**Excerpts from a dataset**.
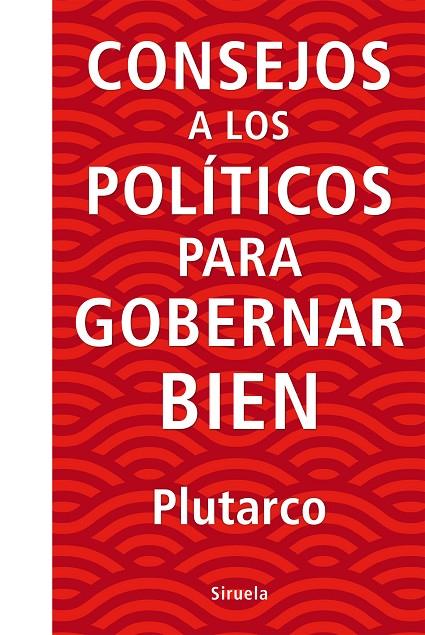 CONSEJOS A LOS POLÍTICOS PARA GOBERNAR BIEN | 9788416854738 | PLUTARCO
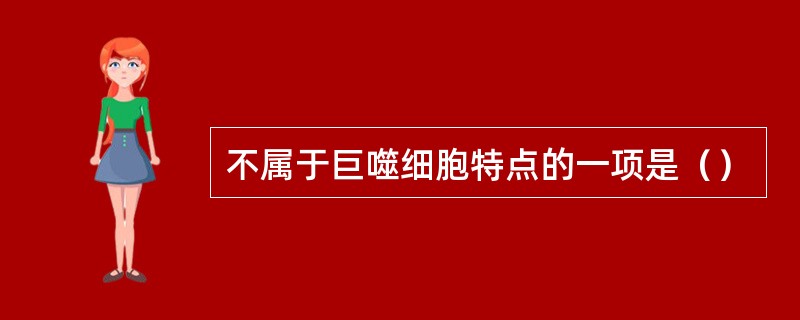 不属于巨噬细胞特点的一项是（）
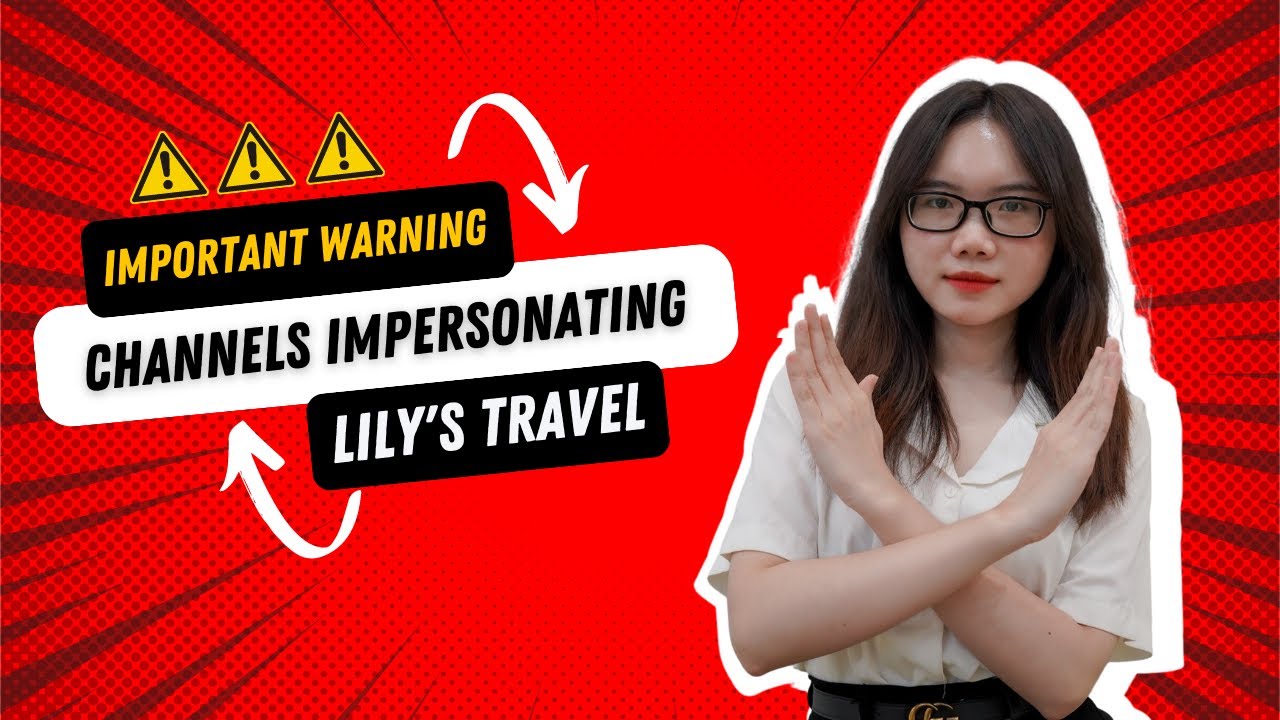Important warning about channels impersonating Lily's Travel ⚠️⚠️⚠️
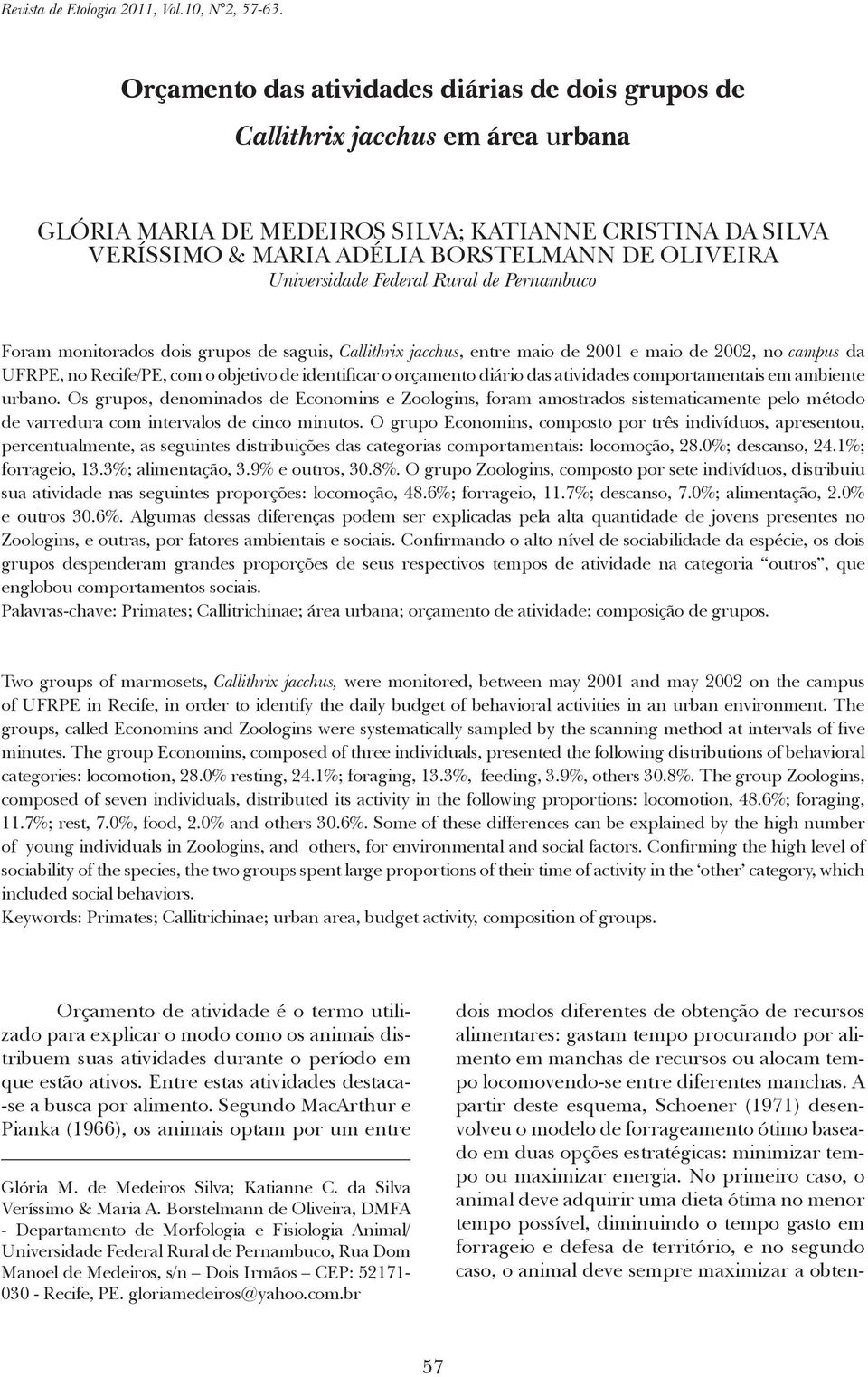 Universidade Federal Rural de Pernambuco Foram monitorados dois grupos de saguis, Callithrix jacchus, entre maio de 2001 e maio de 2002, no campus da UFRPE, no Recife/PE, com o objetivo de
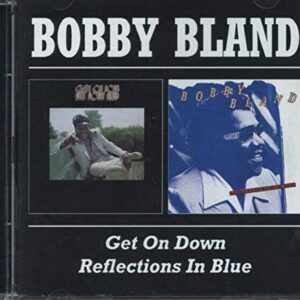 Get on Down / Reflections in Blue - BLAND,BOBBY (CDs)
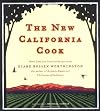 The New California Cook: Casually Elegant Recipes with Exhilarating Flavor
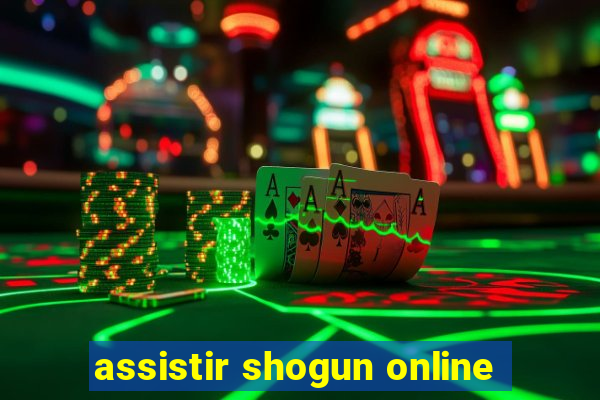 assistir shogun online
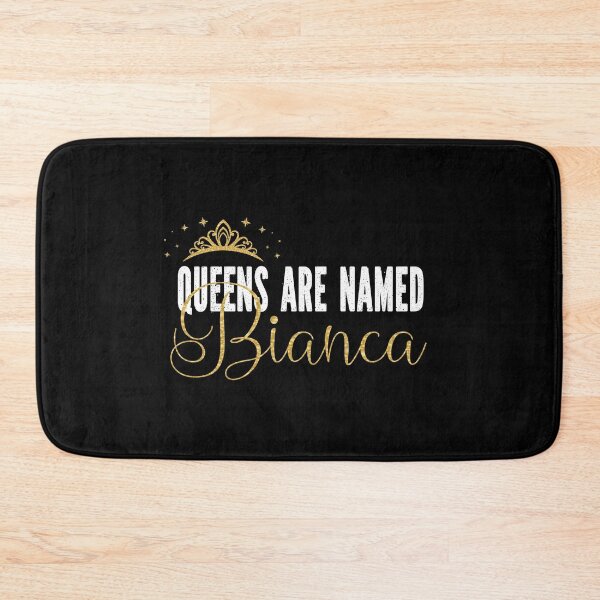 Item preview, Queens Are Named Bianca Personalized First Name Girl graphic designed and sold by Grabitees.
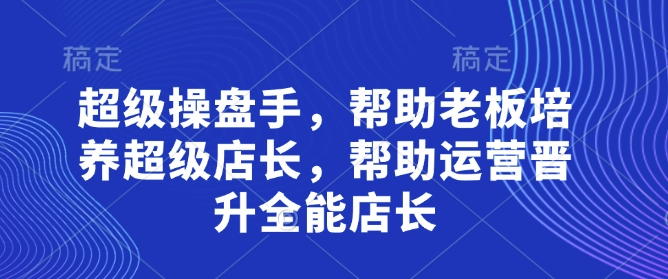 超级操盘手，​帮助老板培养超级店长，帮助运营晋升全能店长-偏门项目网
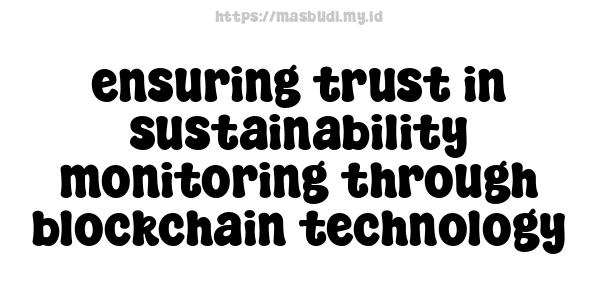 ensuring trust in sustainability monitoring through blockchain technology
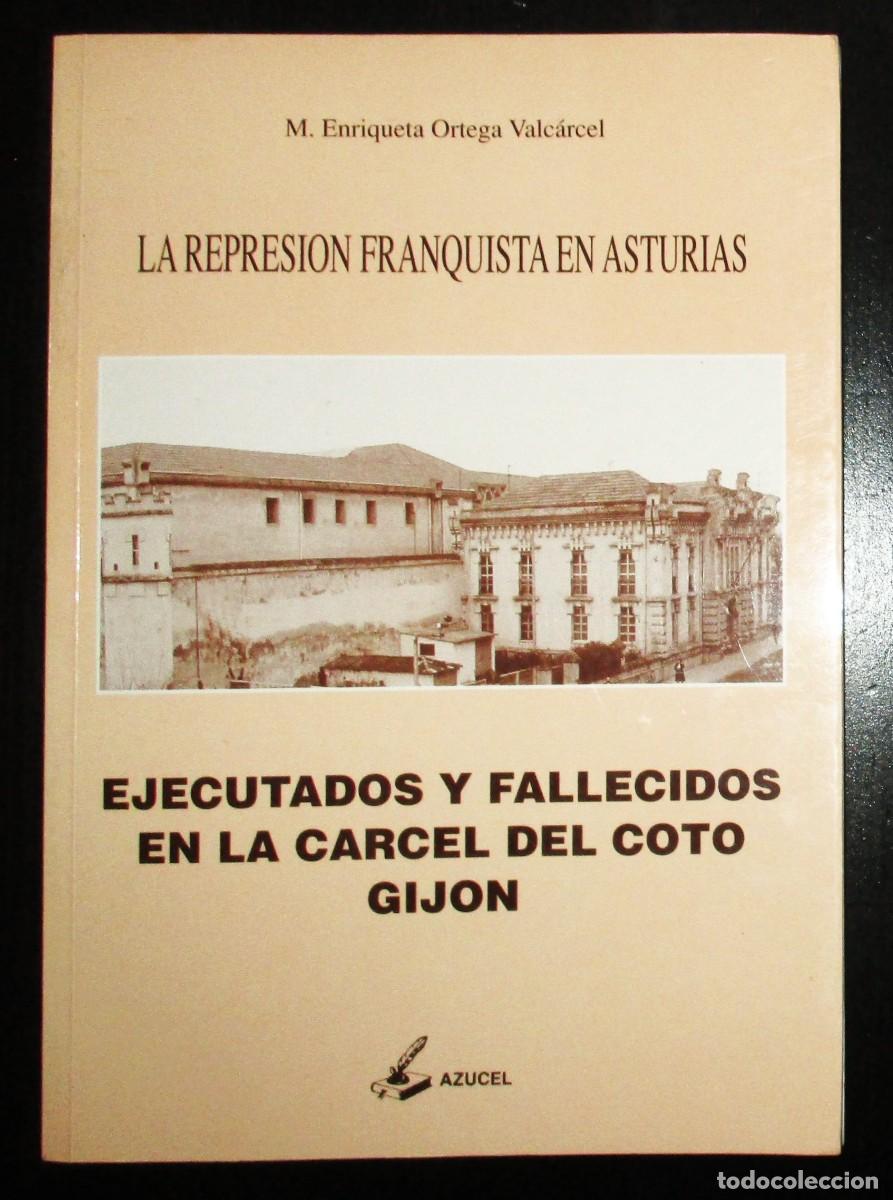 Libri di seconda mano: EJECUTADOS Y FALLECIDOS EN LA C&Aacute;RCEL DEL COTO DE GIJ&Oacute;N. E. ORTEGA, 1994. PRIMERA EDICI&Oacute;N.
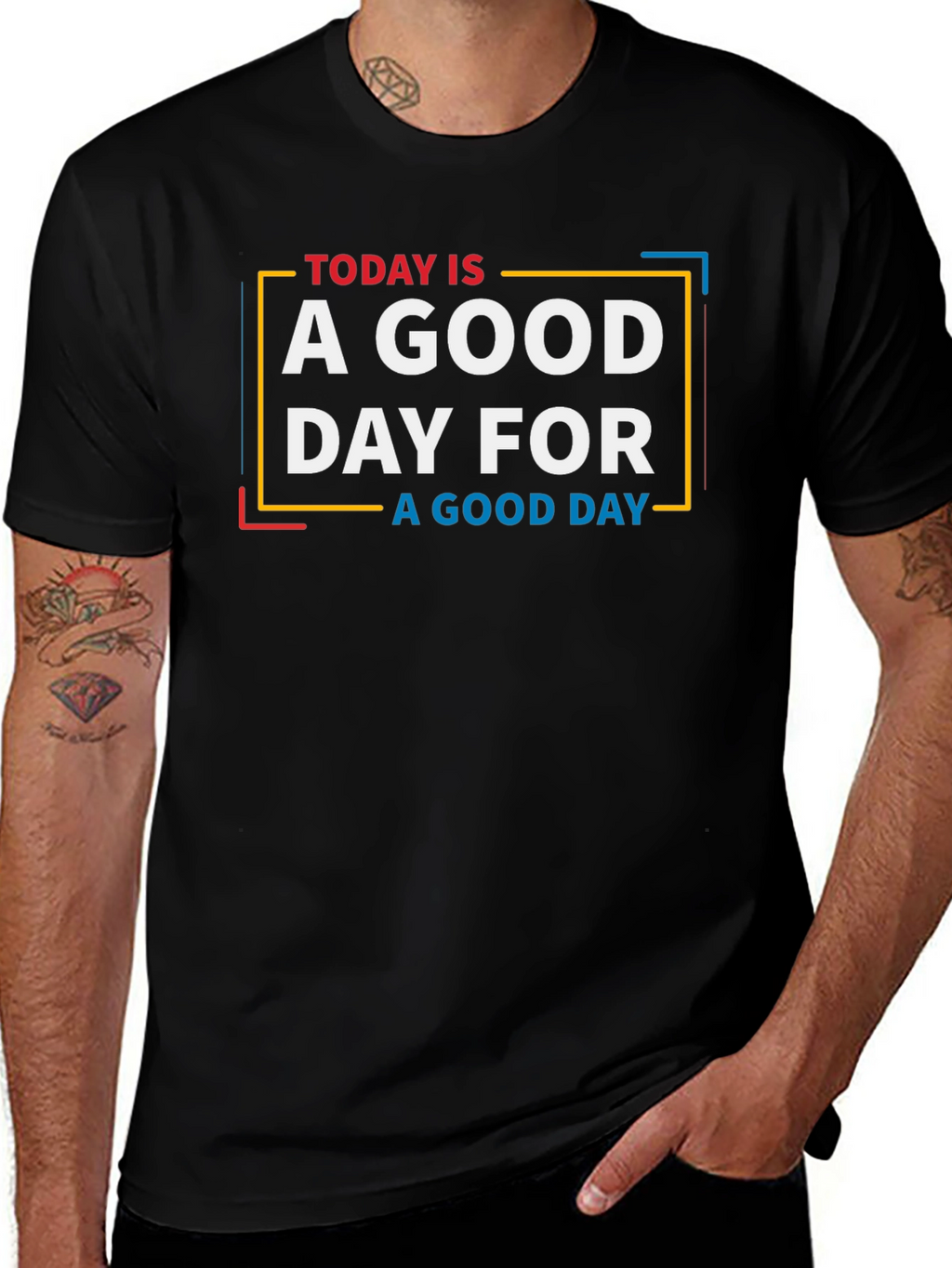 Today is a Good Day Graphic T-Shirt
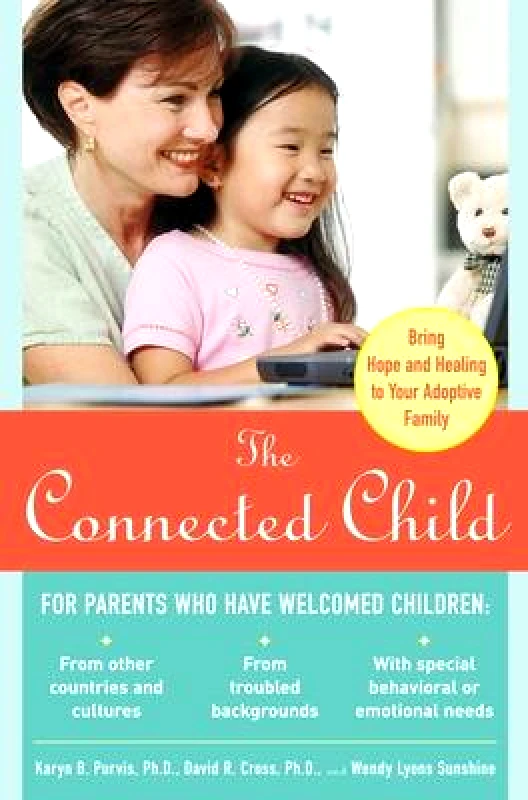 McGraw-Hill Contemporary The Connected Child: Bring Hope and Healing to Your Adoptive Family Wendy Sunshine McGraw-Hill Contemporary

**Task details**. Output exactly those lines of the data above that run from the line with "Important warning about" up to and including the line with "Item preview, Queens". No pictures go in.

**Solution for this task**.
Important warning about channels impersonating Lily's Travel ⚠️⚠️⚠️
 Universidade Federal Rural de Pernambuco Foram monitorados dois grupos de saguis, Callithrix jacchus, entre maio de 2001 e maio de 2002, no campus da UFRPE, no Recife/PE, com o objetivo de
 Get on Down / Reflections in Blue - BLAND,BOBBY (CDs)
 The New California Cook: Casually Elegant Recipes with Exhilarating Flavor
 assistir shogun online
 Item preview, Queens Are Named Bianca Personalized First Name Girl graphic designed and sold by Grabitees.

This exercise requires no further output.